* **Try it**
All the data that follows should be repeated exactly, without a single picture.

*** Opening Collected data ***

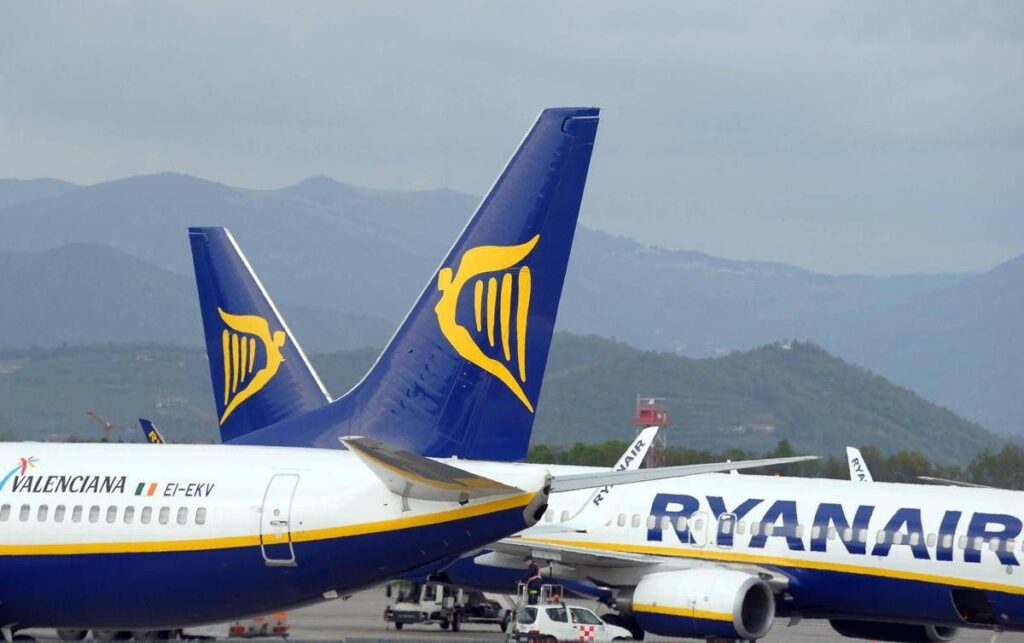 Caos nel Regno Unito, nuovo problema tecnico ai sistemi di controllo del traffico aereo: almeno 200 voli cancellati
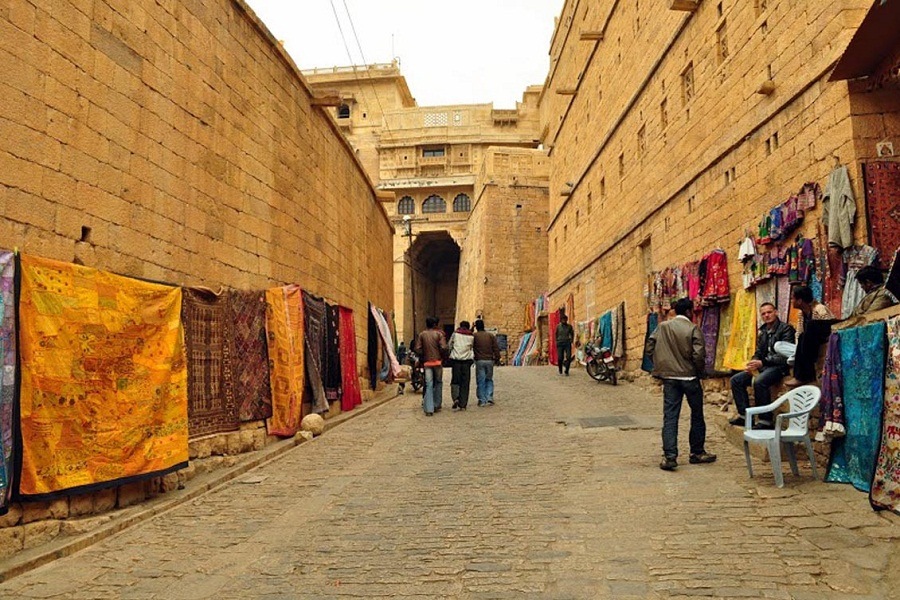A street inside the fort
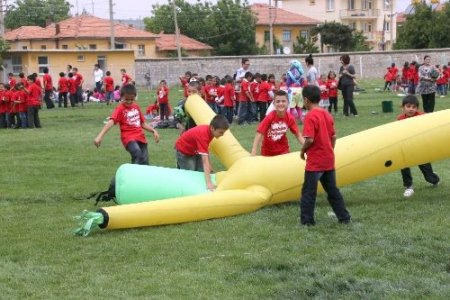 Türkiye’nin en büyük çocuk şenliği Çivril’de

*** Closing Collected data ***

* **Your solution**
 Caos nel Regno Unito, nuovo problema tecnico ai sistemi di controllo del traffico aereo: almeno 200 voli cancellati
A street inside the fort
 Türkiye’nin en büyük çocuk şenliği Çivril’de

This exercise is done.